In an exponential function, such as the one in the exercise, the base is a crucial component. The function given is \(f(x) = 5^x\). Here, the "base" is the number that is repeatedly multiplied by itself, corresponding to the value of \(x\), known as the exponent. This base must always be greater than zero for the function to be defined.The base of an exponential function affects the growth or decay of the function:

• If the base is greater than 1, the function represents exponential growth, meaning it will increase rapidly as \(x\) gets larger.
• If the base is between 0 and 1, it represents exponential decay, where the function will decrease and approach zero as \(x\) increases.

For our function \(f(x) = 5^x\), the base is 5, indicating that with each increase in \(x\), the function will grow steeply.

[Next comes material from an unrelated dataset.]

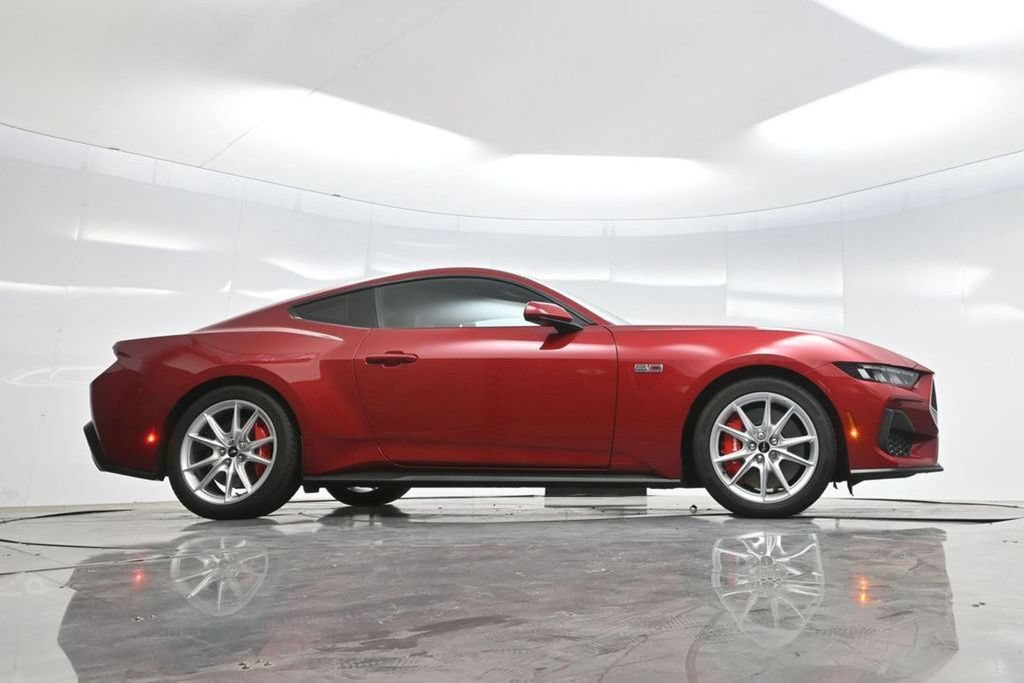 Used 2024 Ford Mustang GT Premium RWD image 59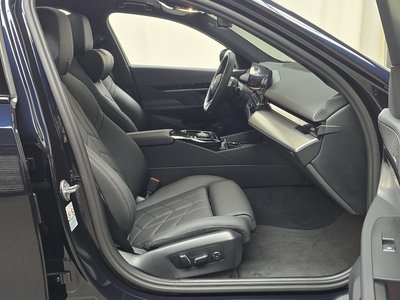 2024 BMW 5 SERIES — миниатюра 16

The laws of exponents provide a set of rules that simplify calculations involving exponential expressions. These rules are essential when working with functions like \(f(x) = 5^x\).Here are some key laws used in the solution:

• Product of Powers: When multiplying like bases, you add the exponents, \(a^m \times a^n = a^{m+n}\).
• Quotient of Powers: When dividing like bases, subtract the exponents, \(\frac{a^m}{a^n} = a^{m-n}\).
• Power of a Power: When raising a power to another power, multiply the exponents, \((a^m)^n = a^{mn}\).
• Negative Exponent: A negative exponent indicates the reciprocal of the positive exponent, \(a^{-n} = \frac{1}{a^n}\).
• Zero Exponent: Any non-zero base raised to the power of zero equals 1, \(a^0 = 1\).

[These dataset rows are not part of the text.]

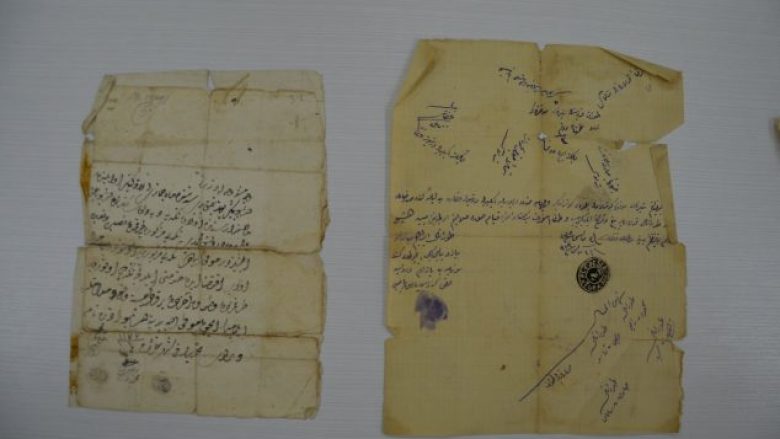 Drejtoria e Përgjithshme e Arkivave të Shqipërisë, konfiskon dokumente me rëndësi historike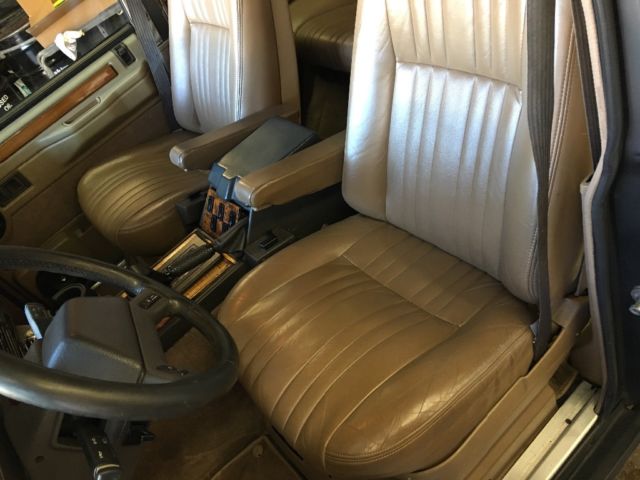 1989 Chamonix White Land Rover Range Rover SUV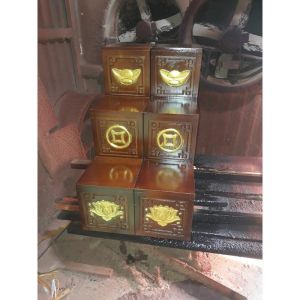 Bục Tam Cấp Thần Tài Dát Vàng – Kệ Kê Bàn Thờ Phong Thủy Giá Gốc.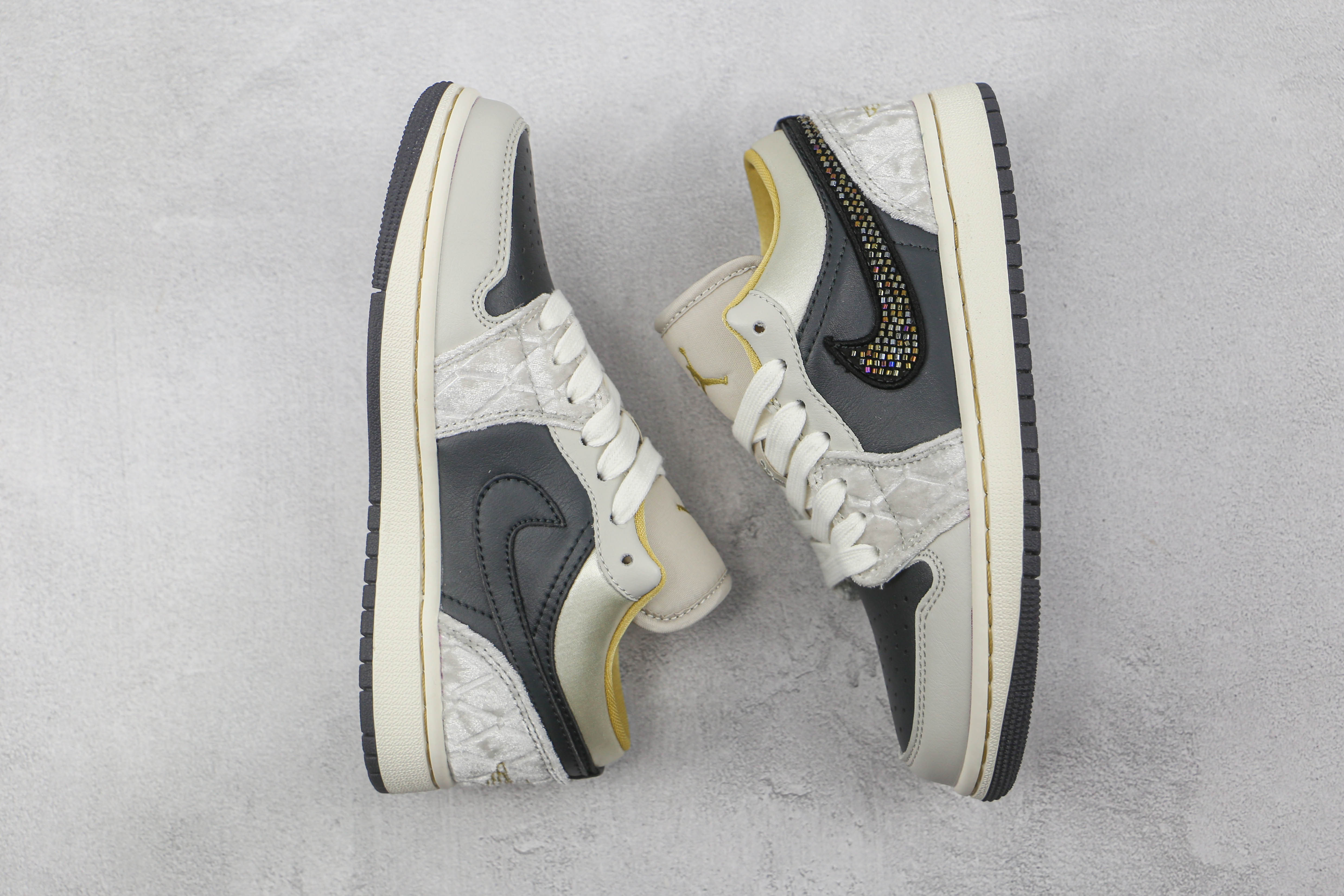Air Jordan 1 Low Black Grey Silk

In the exercise, when you calculate \(f(-2) = 5^{-2}\), the negative exponent law tells us to take the reciprocal, resulting in \(\frac{1}{5^2}\). Similarly, for \(f(0) = 5^0\), the zero exponent law gives us a result of 1.

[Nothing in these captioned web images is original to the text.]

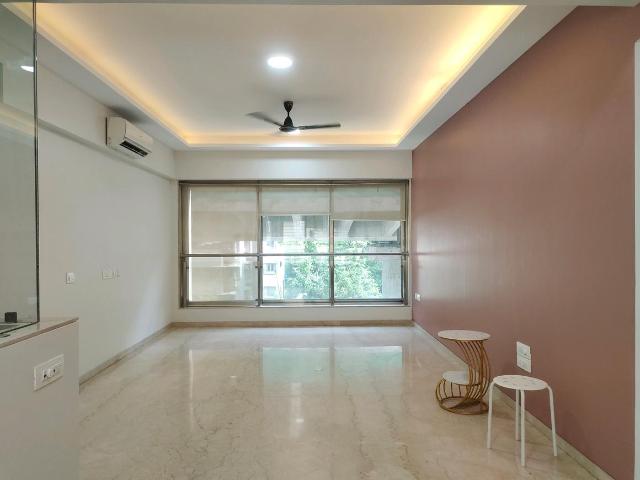 3 BHK Apartment in Vile Parle West for rent Mumbai. The reference number is 21134776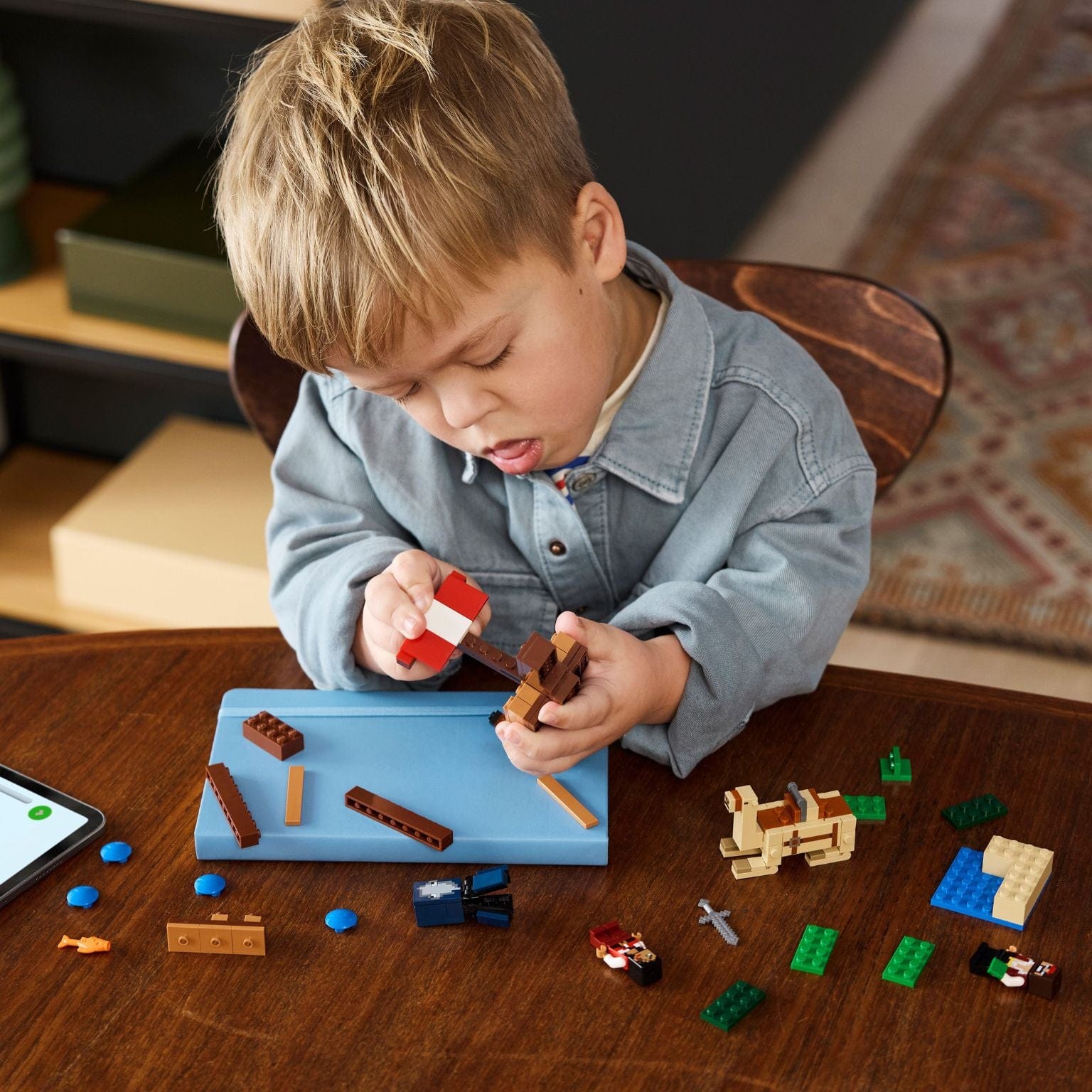 Apresentamos Lego Minecraft - A Viagem do Barco Pirata com o SKU 662125924 recomendado para + 8 anos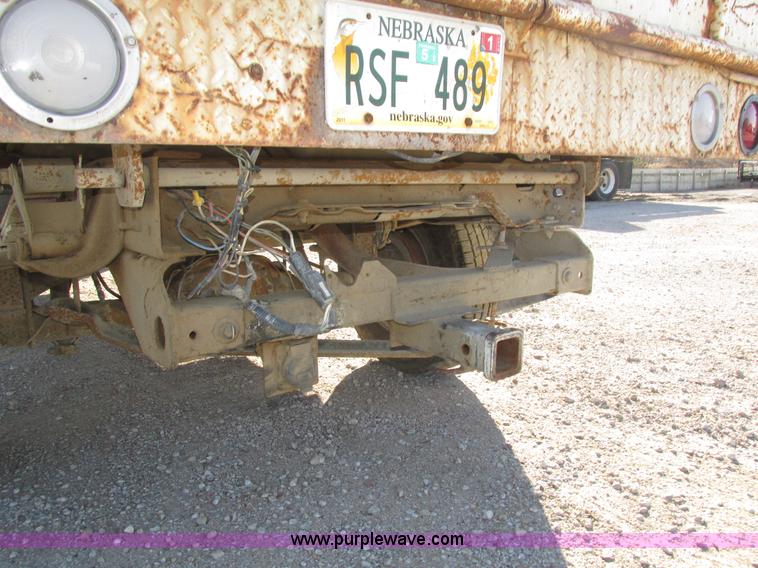 image for item H1032 1996 Ford F350 XLT Crew Cab flat dump bed truck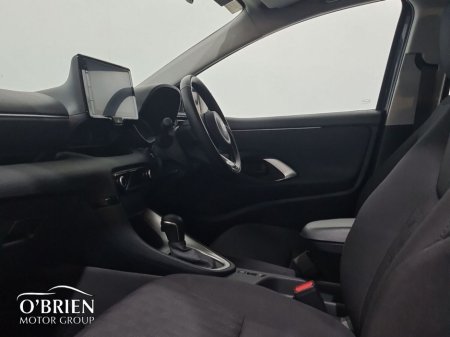 2024 Toyota Yaris Yaris Hybrid Luna €23,900 thumbnail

Calculating exponents involves applying the base and exponent to derive a result. It's straightforward once you understand the process and rules.Here's a simple guide to calculating exponents as shown in the exercise:

• Identify the base and the exponent. For example, in \(5^2\), 5 is the base and 2 is the exponent.
• Multiply the base by itself as many times as the exponent indicates. So, \(5^2 = 5 \times 5\).
• Simplify the expression to get the result. Here, \(5 \times 5 = 25\).

In the exercise, when calculating \(f(6) = 5^6\), you multiply 5 by itself six times, resulting in a large number, 15625. This method is critical to solving and understanding exponential functions efficiently. Practice these steps to become more comfortable with finding powers of numbers.